Numerous studies show that vitamin D helps your body respond to insulin (hormone secreted from your pancreas and SOO important in FATLOSS).

One of its jobs is to help glucose get into body cells, which BURN glucose for energy.

How well your insulin pushes glucose into those cells is called ‘insulin sensitivity’.

The MORE sensitive your cells are to insulin, the better.

The LESS sensitive they are to insulin, the more likely your body will store the food you eat as FAT.

 

Sources:

Eggs, salmon, mackerel, tuna, mushrooms.

 

2. CALCIUM

 

How It Melts Fat:

Calcium is a mineral that works with vitamin D to help you BURN fat.

Calcium is stored in fat cells and researchers think that the MORE calcium a fat cell has, the MORE fat that cell will release to be BURNED.

Calcium also helps WEIGHTLOSS by binding to fat and PREVENTING some of it from getting absorbed into your bloodstream.

 

Sources:

milk, cheese, yoghurt, fish, fruit, beans, vegetables.

 

3. PROTEIN

 

How It Melts Fat:

Keeps you FULLER for longer.

Has the highest THERMIC BURN of 30% (you burn 30% of the calories simply digesting protein).

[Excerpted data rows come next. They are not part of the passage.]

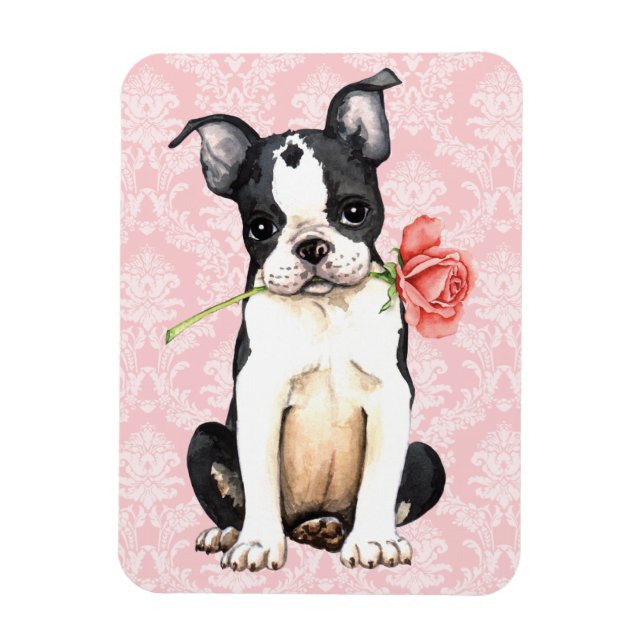 Imán Valentine Rosa Boston Terrier (Vertical)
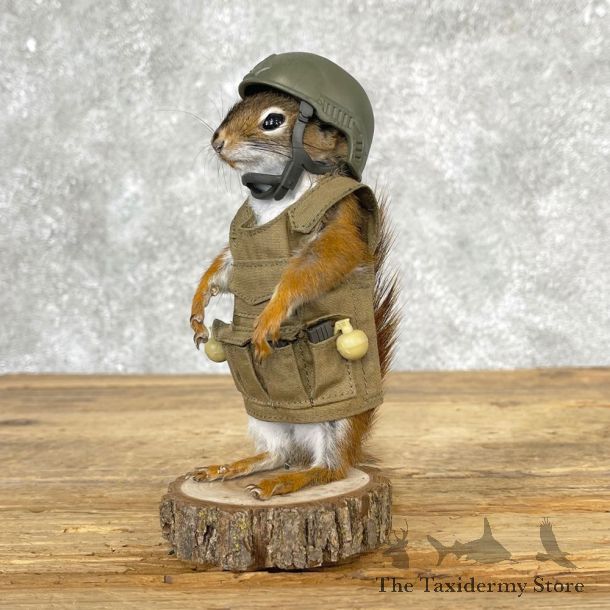 Patriot Squirrel Novelty Mount For Sale #25032 @ The Taxidermy Store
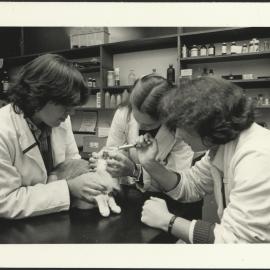 Three Students Administer a Tablet to a Cat at Veterinary Studies Open Day 1984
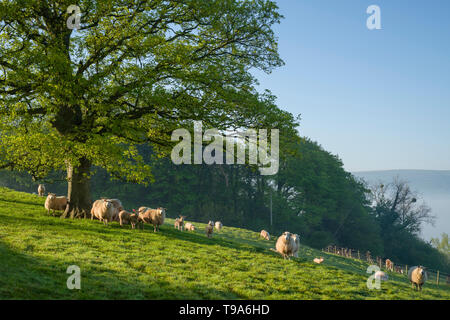 Schafe und Lämmer an einem frühlingsmorgen am Alten Hügel in der Nähe Wrington, North Somerset, England. Stockfoto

Along with calcium and Vitamin D, it helps you to BUILD your lean muscle tissue as you DROP those pounds.

 

Sources:

Lean meats, eggs, cheese, fish, nuts, seeds, greek yoghurt, beans and lentils.

 

4. OMEGA 3 – FATTY ACIDS

 

How They Melt Fat:

Omega 3’s switch on enzymes that trigger FAT-BURNING in cells.

They also help to BOOST your mood which could help REDUCE emotional eating.

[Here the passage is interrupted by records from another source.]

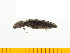  ( - Aaera5)  @12 [ ] Copyright (2013) Unspecified Specimen depository of the Graduate School of Natural Sciences, Nagoya City University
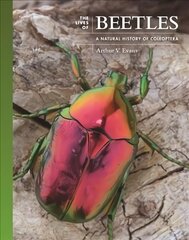 Lives of Beetles: A Natural History of Coleoptera kaina ir informacija | Ekonomikos knygos | pigu.lt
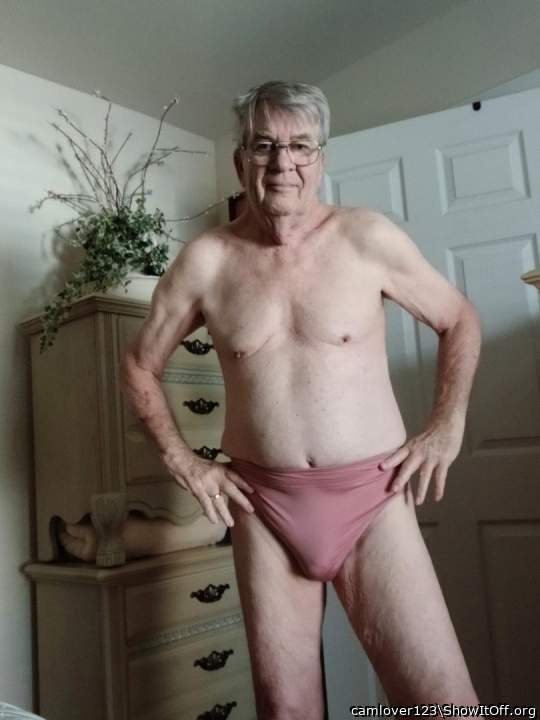 Photo of a bat from camlover123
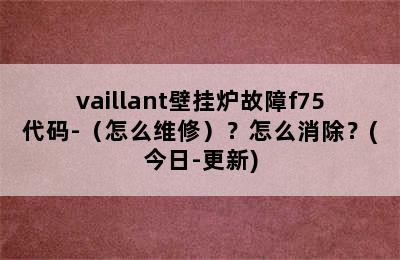 vaillant壁挂炉故障f75代码-（怎么维修）？怎么消除？(今日-更新)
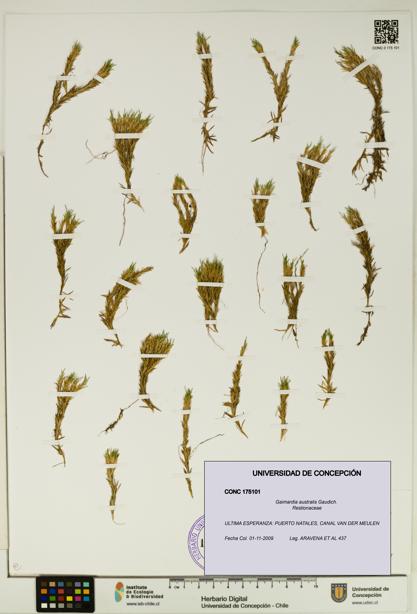 Gaimardia australis [Espécimen: UDEC:CONC:0175101]
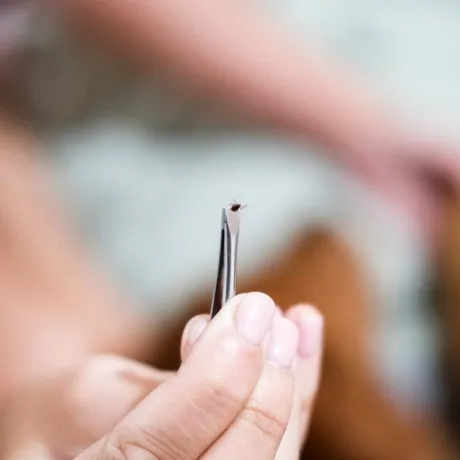 Cum scoți corect o căpușă fără să o rupi. Metoda recomandată de un medic dermatolog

Omega 3’s can INCREASE leptin signaling in the brain resulting in your brain registering that you’re full and CRANKING UP your fat burning mode.

 

Sources:

Fatty fish like salmon (which are also high in vitamin D), mackerel, tuna, flaxseeds, pumpkin seeds, walnuts.

 

5. Conjugated Linoleic Acid (CLAs)

 

How It Burns Fat:

CLAs are potent FAT BURNERS found along with Vitamin D and calcium in dairy products.

When we consume these foods, the CLA helps blood glucose enter body cells so CLA can be burned for ENERGY and not stored as FAT.

CLA also helps to promote fat burning by INCREASING our lean muscle tissue where the bulk of our calorie burning takes place.

 

Sources:

Dairy, meat, eggs.

 

6. POLYPHENOLS

 

How They Melt Fat:

Polyphenols are the antioxidants that give green tea’s HEALTH and METABOLISM boosting kick.

They can BOOST your resting metabolic rate and help your body to burn more FAT (although studies have found green tea containing caffeine works best).

Keeping hydrated and switching your normal tea/coffee for green is also going to help REDUCE hunger and kill CRAVINGS.

Polyphenals can also be found in food.

 

Sources:

Ginger, almonds, spinach, strawberries.

I hope you have an AWESOME week and keep chipping away at your goals.

 

After my 4kg weight increase it’s a going to be a CHALLENGE to see how long it takes to get back to my pre-holiday weight back and there’s no better time like the PRESENT!